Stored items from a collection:
========

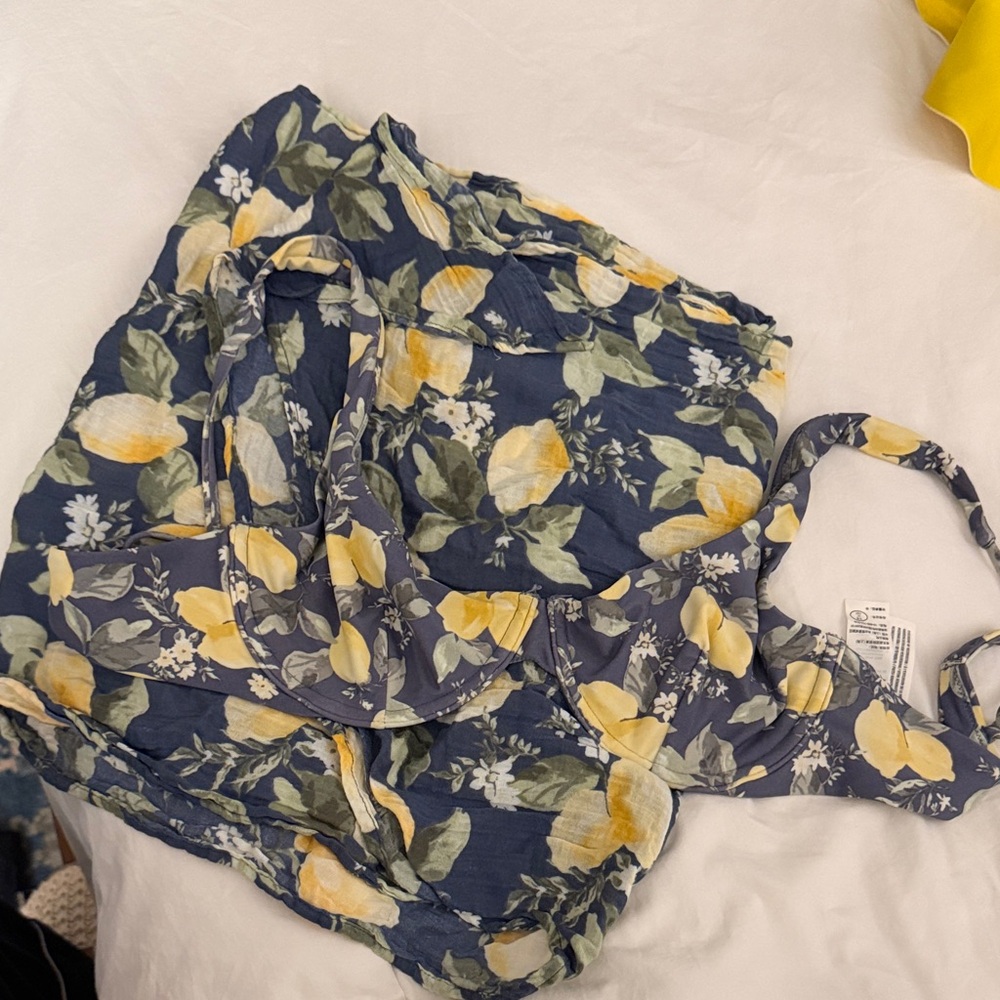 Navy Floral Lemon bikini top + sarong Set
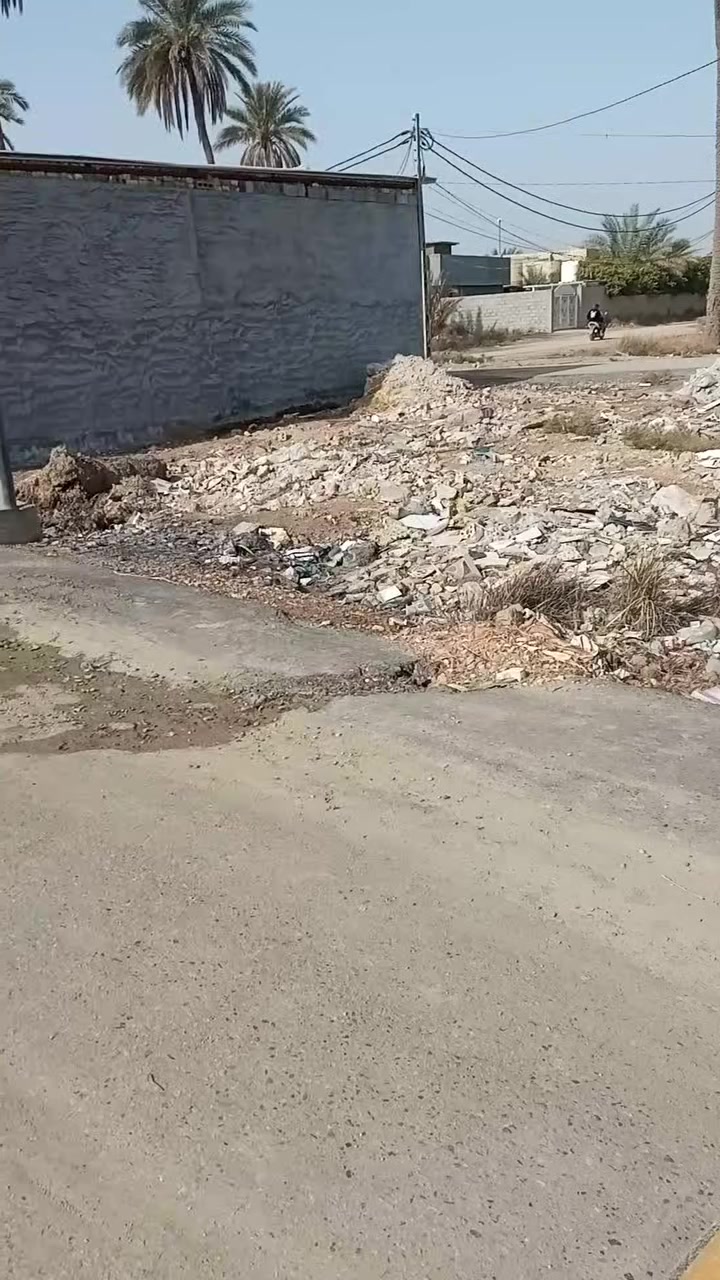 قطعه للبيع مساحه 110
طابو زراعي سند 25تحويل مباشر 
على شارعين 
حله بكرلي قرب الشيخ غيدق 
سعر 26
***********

========

#### [ACTION ITEM]
Every record, word for word, should be given back without its pictures.

#### [FINISHED EXERCISE]
 Navy Floral Lemon bikini top + sarong Set
 قطعه للبيع مساحه 110
طابو زراعي سند 25تحويل مباشر 
على شارعين 
حله بكرلي قرب الشيخ غيدق 
سعر 26
***********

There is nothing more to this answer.